The most dramatic moment of the GOP debate in Florida on September 12 revolved around Michele Bachmann’s attack regarding Rick Perry’s executive order mandating that all females in Texas get the human papillomavirus (HPV) vaccine prior to sixth grade. The vaccine protects women and teens against a sexually transmitted disease that is thought to cause cervical cancer. In last night’s GOP debate in Orlando, Florida, Bachmann and Perry were still at each other’s throats on the issue.
Bachmann accused Perry of cronyism and noted that the company that makes the vaccine, Merck & Co., employed Mike Toomey who was Perry’s former chief of staff, as a lobbyist in Texas. The drug company had also donated to Perry’s campaigns and Republican Governor Association where Perry chairs.

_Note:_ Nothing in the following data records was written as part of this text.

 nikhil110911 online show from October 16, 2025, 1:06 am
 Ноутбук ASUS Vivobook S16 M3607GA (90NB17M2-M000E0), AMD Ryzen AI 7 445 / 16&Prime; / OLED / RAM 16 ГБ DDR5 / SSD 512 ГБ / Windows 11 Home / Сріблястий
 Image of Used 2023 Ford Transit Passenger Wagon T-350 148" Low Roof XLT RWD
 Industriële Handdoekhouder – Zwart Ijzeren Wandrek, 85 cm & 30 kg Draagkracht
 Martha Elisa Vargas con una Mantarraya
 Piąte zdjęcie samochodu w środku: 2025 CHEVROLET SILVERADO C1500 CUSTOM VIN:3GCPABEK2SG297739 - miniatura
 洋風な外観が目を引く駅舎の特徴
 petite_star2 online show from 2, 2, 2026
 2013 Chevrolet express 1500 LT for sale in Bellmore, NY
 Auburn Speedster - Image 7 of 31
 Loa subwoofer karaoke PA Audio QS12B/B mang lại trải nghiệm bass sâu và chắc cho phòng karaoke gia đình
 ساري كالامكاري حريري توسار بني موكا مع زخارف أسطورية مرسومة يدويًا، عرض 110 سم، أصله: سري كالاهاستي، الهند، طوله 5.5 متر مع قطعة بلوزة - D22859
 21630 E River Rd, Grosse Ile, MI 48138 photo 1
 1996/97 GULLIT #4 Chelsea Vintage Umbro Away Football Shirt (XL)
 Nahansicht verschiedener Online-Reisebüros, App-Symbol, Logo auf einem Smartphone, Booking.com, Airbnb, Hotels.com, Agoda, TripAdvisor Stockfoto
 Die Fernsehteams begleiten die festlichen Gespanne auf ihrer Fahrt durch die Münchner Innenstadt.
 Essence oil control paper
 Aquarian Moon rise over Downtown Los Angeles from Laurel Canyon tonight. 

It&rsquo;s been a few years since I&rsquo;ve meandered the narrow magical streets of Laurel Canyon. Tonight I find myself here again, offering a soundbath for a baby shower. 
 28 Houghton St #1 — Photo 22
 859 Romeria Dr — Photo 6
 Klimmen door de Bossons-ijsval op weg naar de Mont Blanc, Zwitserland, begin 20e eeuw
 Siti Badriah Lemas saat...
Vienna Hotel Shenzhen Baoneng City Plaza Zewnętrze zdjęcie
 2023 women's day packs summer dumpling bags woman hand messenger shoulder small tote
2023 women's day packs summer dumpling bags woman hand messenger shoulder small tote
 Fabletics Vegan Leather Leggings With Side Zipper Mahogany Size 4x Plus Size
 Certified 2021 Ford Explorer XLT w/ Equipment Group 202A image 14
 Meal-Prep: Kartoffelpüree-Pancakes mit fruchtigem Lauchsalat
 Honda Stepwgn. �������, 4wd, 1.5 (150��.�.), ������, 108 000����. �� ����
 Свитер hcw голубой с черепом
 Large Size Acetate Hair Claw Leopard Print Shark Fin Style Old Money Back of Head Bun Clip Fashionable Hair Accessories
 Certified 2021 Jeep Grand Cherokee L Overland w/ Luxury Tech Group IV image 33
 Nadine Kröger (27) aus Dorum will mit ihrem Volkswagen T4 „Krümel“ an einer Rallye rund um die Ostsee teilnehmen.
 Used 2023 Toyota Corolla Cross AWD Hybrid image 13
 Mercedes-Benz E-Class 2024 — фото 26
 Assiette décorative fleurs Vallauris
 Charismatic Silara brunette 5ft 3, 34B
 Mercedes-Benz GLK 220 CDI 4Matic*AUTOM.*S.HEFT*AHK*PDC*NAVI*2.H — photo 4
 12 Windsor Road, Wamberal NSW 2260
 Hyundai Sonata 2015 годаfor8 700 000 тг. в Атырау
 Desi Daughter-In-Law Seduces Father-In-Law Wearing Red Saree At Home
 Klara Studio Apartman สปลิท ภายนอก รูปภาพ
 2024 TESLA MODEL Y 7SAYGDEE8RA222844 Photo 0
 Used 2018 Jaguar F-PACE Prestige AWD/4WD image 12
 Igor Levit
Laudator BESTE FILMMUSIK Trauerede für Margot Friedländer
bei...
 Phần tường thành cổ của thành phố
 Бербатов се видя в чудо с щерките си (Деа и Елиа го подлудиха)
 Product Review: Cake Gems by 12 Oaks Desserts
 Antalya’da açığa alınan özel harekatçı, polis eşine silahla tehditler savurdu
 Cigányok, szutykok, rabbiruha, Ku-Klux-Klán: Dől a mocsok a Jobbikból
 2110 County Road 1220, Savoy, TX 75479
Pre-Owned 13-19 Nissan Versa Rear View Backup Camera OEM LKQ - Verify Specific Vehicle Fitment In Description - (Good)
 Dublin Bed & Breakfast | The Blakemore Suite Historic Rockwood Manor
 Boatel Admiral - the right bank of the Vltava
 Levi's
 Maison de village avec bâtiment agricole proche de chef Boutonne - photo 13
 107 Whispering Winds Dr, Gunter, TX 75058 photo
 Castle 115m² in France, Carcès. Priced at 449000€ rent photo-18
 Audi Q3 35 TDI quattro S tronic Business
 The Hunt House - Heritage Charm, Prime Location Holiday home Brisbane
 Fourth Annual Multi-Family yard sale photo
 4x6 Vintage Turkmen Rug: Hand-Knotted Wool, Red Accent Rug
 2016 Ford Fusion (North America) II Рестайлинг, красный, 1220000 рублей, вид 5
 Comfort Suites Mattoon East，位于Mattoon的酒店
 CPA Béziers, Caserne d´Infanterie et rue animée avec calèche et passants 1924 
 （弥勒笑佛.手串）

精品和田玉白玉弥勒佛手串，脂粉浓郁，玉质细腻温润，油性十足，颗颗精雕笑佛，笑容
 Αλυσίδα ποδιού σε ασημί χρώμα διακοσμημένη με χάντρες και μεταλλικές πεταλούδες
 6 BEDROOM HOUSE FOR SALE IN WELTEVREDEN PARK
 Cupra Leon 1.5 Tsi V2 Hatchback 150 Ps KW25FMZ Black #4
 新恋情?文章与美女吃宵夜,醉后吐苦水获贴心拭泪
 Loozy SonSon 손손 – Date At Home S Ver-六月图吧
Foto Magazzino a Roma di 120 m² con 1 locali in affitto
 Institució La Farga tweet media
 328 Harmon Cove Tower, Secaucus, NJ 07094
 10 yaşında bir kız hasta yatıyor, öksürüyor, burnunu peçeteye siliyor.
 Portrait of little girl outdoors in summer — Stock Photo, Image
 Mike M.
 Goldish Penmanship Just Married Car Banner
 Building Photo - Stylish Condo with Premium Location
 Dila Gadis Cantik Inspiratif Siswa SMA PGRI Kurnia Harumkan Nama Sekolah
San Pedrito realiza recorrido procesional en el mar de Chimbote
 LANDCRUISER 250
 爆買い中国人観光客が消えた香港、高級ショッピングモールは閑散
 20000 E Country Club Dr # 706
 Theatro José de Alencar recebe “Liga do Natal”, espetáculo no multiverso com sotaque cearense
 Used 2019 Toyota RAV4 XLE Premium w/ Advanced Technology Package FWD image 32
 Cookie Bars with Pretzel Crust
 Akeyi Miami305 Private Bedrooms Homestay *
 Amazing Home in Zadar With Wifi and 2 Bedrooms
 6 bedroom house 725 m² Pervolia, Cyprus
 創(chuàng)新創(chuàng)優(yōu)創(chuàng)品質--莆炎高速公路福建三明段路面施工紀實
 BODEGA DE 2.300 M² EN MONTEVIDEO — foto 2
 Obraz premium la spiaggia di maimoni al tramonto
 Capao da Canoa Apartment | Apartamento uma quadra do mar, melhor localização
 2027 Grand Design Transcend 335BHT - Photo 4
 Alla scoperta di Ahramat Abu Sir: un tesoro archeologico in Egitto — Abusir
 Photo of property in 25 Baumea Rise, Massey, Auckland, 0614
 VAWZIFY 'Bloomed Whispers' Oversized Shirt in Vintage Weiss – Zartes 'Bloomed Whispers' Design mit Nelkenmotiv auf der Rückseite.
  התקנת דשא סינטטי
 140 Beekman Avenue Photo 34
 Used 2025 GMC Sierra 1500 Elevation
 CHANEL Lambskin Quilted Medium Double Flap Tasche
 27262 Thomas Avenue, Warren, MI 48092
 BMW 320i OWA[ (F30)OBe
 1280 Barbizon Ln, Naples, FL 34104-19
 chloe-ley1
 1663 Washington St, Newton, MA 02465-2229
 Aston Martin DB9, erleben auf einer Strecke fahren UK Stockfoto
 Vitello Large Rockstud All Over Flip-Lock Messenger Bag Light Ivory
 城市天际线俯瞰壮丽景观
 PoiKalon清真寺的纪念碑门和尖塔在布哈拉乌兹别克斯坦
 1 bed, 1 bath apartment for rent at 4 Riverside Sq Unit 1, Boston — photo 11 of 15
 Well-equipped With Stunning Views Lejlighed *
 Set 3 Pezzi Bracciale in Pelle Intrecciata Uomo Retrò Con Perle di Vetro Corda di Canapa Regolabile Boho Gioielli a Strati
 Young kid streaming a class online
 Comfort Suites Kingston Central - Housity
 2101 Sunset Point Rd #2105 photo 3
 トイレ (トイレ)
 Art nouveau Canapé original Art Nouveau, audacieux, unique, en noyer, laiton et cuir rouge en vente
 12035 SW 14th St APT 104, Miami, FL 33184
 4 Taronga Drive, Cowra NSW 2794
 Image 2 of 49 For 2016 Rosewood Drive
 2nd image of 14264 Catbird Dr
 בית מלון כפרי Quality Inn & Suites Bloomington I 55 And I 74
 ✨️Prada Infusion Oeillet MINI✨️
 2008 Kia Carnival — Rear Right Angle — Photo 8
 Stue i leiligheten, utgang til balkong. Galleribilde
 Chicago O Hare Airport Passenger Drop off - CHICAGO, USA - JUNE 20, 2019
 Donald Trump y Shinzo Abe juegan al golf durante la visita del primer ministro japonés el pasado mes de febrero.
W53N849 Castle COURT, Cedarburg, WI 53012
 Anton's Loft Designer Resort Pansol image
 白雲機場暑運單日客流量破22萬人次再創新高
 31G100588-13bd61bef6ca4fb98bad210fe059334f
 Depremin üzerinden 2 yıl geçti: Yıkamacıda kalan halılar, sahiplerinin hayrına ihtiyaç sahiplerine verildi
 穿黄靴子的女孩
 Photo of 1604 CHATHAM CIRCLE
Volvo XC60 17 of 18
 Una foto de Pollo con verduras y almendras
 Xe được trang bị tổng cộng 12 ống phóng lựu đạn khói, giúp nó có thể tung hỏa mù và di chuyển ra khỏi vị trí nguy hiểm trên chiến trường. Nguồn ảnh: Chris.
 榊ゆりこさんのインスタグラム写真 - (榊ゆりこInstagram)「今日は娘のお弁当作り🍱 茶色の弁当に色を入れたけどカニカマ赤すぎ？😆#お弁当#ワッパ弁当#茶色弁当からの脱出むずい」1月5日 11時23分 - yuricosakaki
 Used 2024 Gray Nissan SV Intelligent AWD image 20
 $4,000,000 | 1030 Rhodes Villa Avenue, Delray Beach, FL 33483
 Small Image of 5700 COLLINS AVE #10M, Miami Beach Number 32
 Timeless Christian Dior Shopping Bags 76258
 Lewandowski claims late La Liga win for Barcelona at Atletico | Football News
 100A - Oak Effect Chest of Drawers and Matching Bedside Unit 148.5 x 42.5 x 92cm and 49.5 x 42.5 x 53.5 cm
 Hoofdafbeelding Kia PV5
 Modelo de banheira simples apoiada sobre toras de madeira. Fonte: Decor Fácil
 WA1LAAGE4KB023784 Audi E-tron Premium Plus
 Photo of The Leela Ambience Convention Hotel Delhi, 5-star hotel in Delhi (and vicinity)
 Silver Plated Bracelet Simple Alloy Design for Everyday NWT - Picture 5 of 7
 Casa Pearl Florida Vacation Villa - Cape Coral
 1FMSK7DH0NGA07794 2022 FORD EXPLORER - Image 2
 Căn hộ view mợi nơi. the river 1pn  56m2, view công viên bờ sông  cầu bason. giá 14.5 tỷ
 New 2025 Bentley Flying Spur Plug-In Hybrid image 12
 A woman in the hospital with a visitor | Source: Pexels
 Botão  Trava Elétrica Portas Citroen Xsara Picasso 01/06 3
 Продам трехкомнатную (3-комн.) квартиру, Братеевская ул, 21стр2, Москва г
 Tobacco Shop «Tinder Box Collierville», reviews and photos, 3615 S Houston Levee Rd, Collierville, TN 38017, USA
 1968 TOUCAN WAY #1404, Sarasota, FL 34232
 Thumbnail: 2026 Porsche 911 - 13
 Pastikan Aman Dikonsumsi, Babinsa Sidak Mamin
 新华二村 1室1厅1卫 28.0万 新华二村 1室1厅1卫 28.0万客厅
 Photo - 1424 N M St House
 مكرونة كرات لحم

Governor Perry was believed to abuse his executive power, which is based on existing constitutional or statutory powers of the Governor and do not require any action by legislature to take effect. Yet the constitution and the statute of Texas are highly unlikely to delegate the governor such a power to issue an executive order forcing girls to get vaccinated.
Shortly after the issuance of the executive order, Texas legislature of Texas passed a bill overturning the Governor’s order. The bill’s author, state Rep. Dennis Bonnen, R-Angleton, criticized the governor’s decision “to use cancer victims as his backdrop for an issue that he has grossly misjudged.”
In the debate, Perry admitted the executive order was a mistake, insisting that he should not have got around the legislature. But he also defended his stance that girls should be vaccinated.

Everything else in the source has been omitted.